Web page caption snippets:
◇ ◇ ◇ ◇

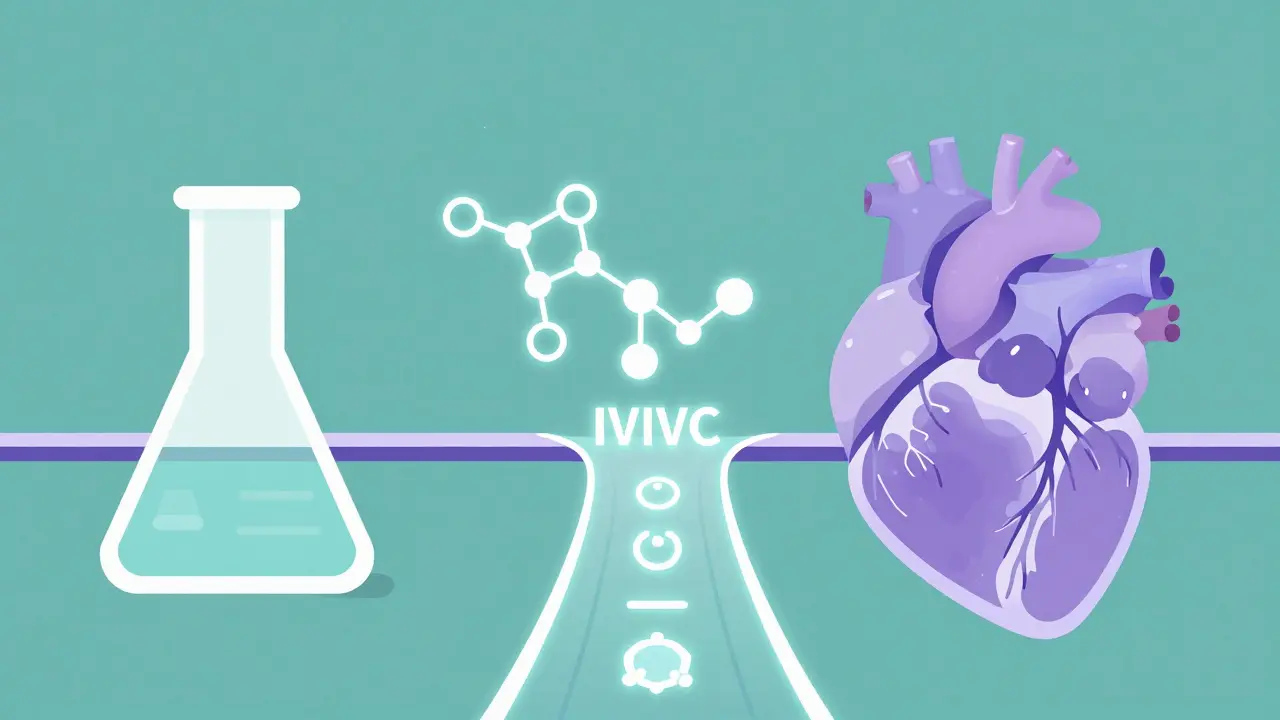 A glowing bridge connects a lab beaker to a heart, representing the correlation between lab dissolution data and how the body absorbs the drug.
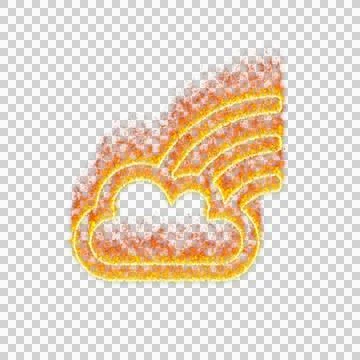 Burning icon cloud rainbow on transparent background. Flames and small fire イラスト素材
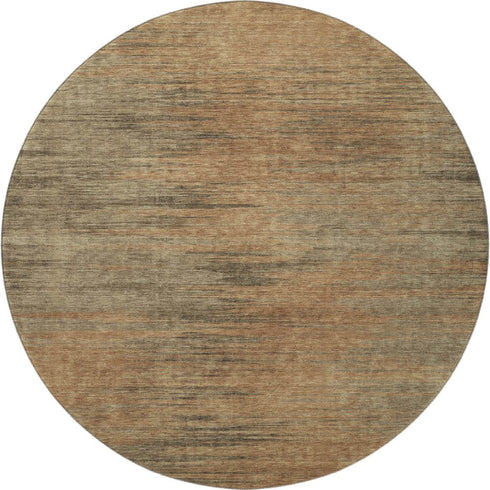 8' Terra Cotta Gray And Beige Abstract Washable Round Rug With UV Protection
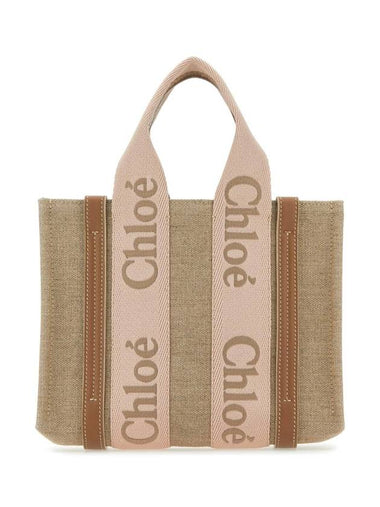 Woody Logo Small Tote Bag Blush Beige - CHLOE - BALAAN 1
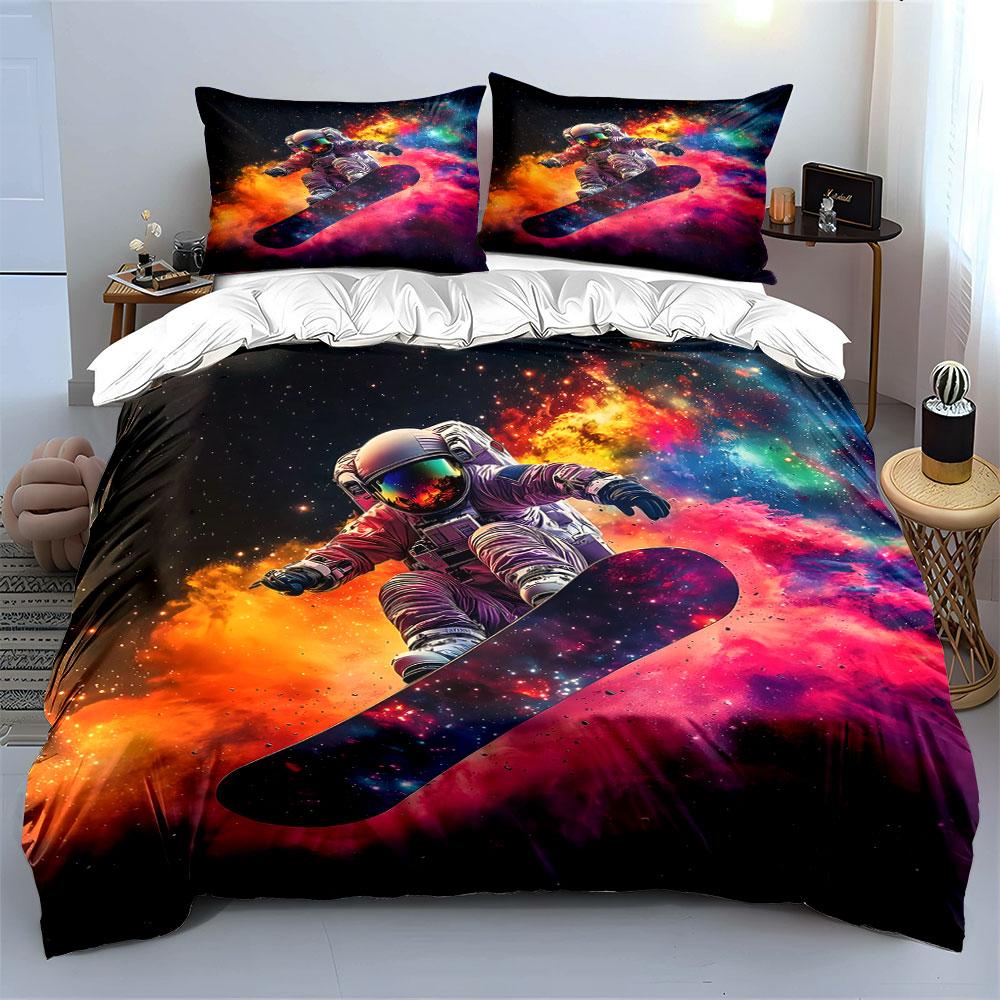 Astronaut snowboarding in space. Bedding sets Duvet cover sets Duvet covers Pillowcases(1 * Duvet Cover 2 * Pillowcases without duvet insert)
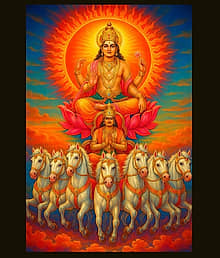 SURYA DEV SURYA SEVEN HOURSE RELIGOUS WOODEN PHOTO FRAME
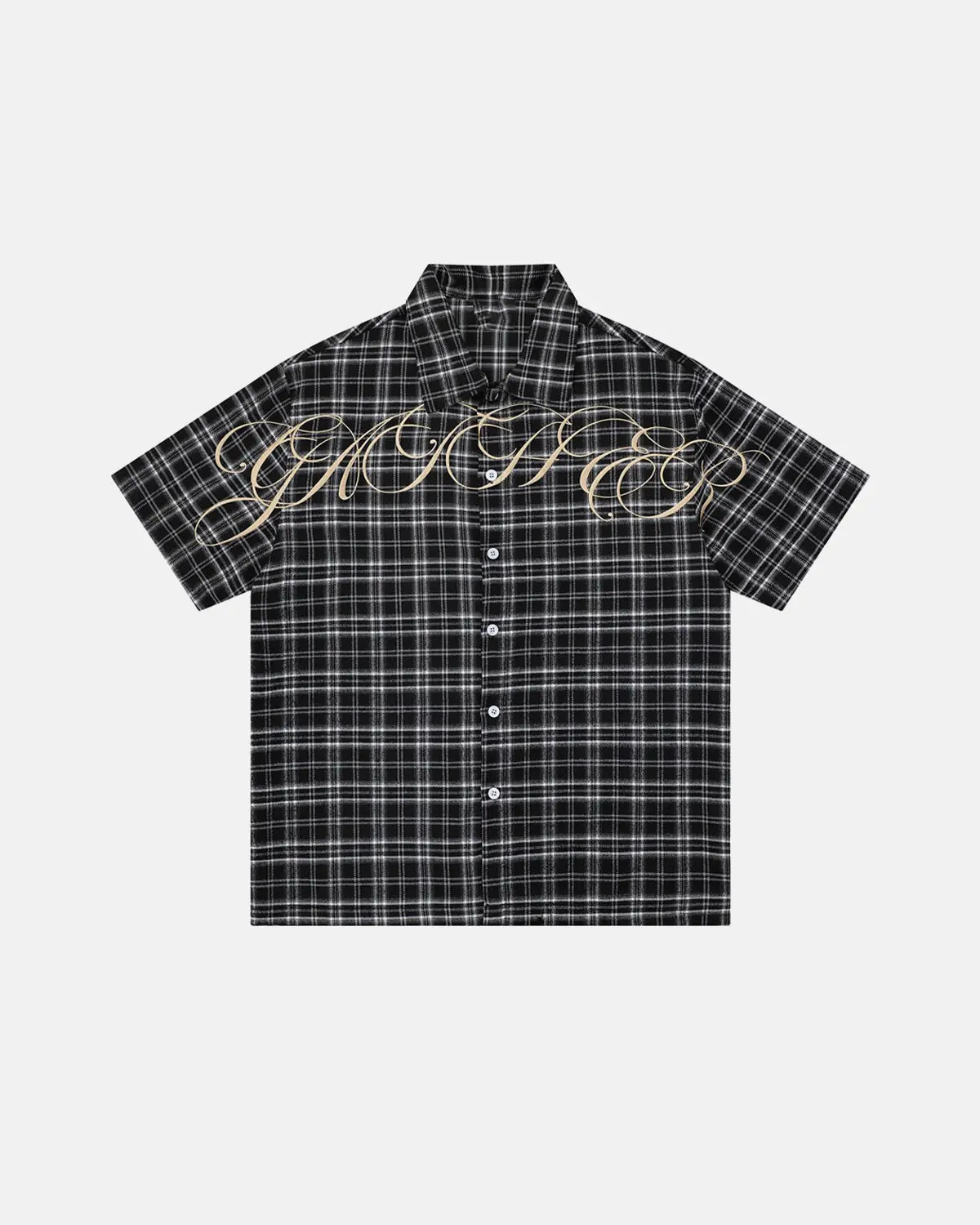 Lettering Embroidery Plaid Shirts | Inflation Streetwear - Image 9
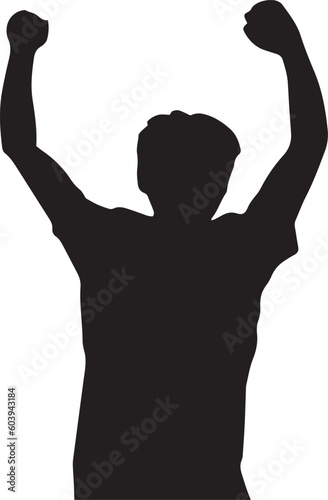 両手の握りこぶしを上げる男性シルエット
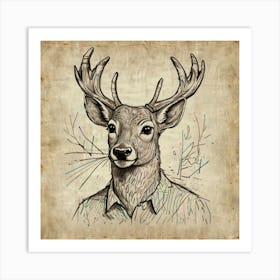 Deer Portrait 12 Art Print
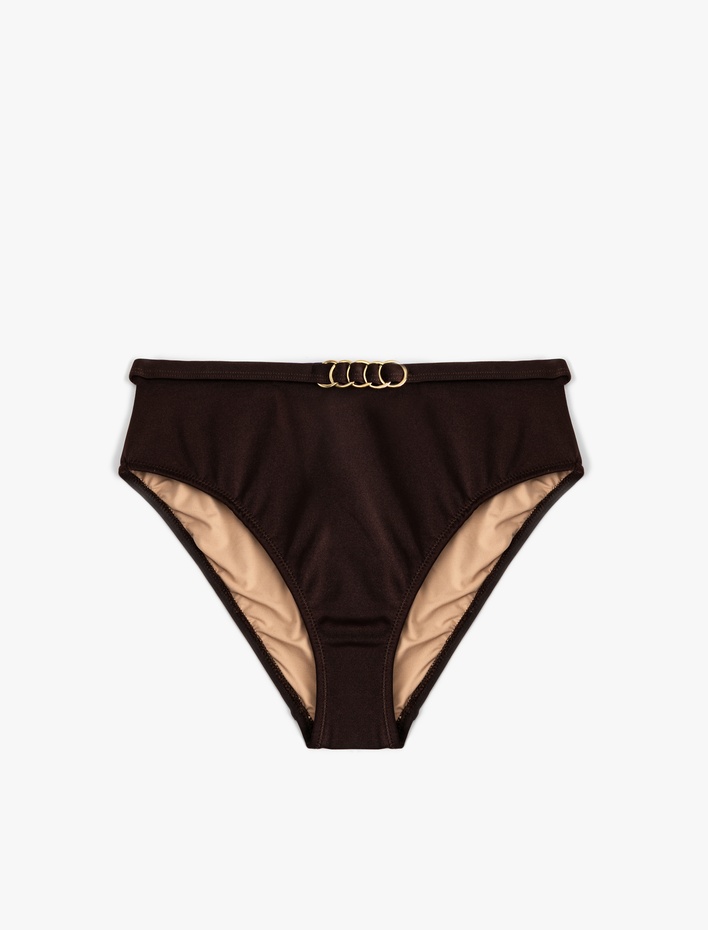  Astarlı Aksesuar Detaylı Parlak Yüksek Bel Toparlayıcı Bikini Altı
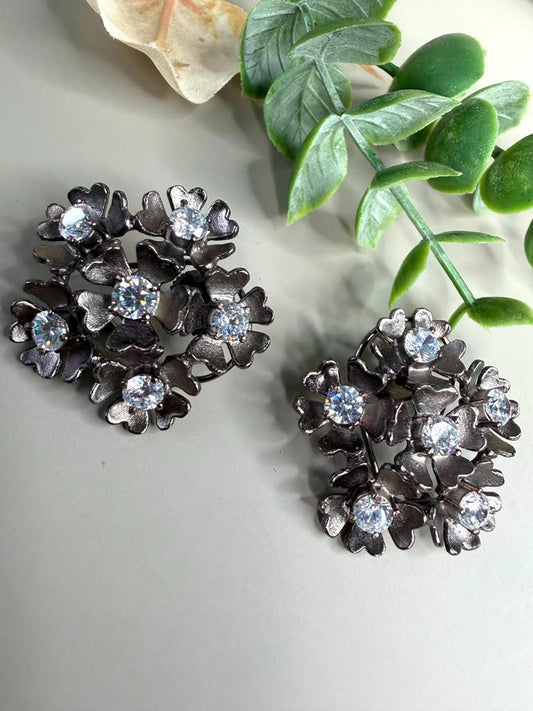 Black Floral Crystal Statement Earrings, Gunmetal Flower Stud Earrings, Modern Party Jewelry Gift.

◇ ◇ ◇ ◇

### What you are asked to do
From the records above, transcribe exactly the lines starting at the one containing "Astronaut snowboarding in" and ending at the one containing "Deer Portrait 12 Art Print". Skip the pictures.

### Solution to this exercise
 Astronaut snowboarding in space. Bedding sets Duvet cover sets Duvet covers Pillowcases(1 * Duvet Cover 2 * Pillowcases without duvet insert)
 SURYA DEV SURYA SEVEN HOURSE RELIGOUS WOODEN PHOTO FRAME
 Lettering Embroidery Plaid Shirts | Inflation Streetwear - Image 9
 両手の握りこぶしを上げる男性シルエット
 Deer Portrait 12 Art Print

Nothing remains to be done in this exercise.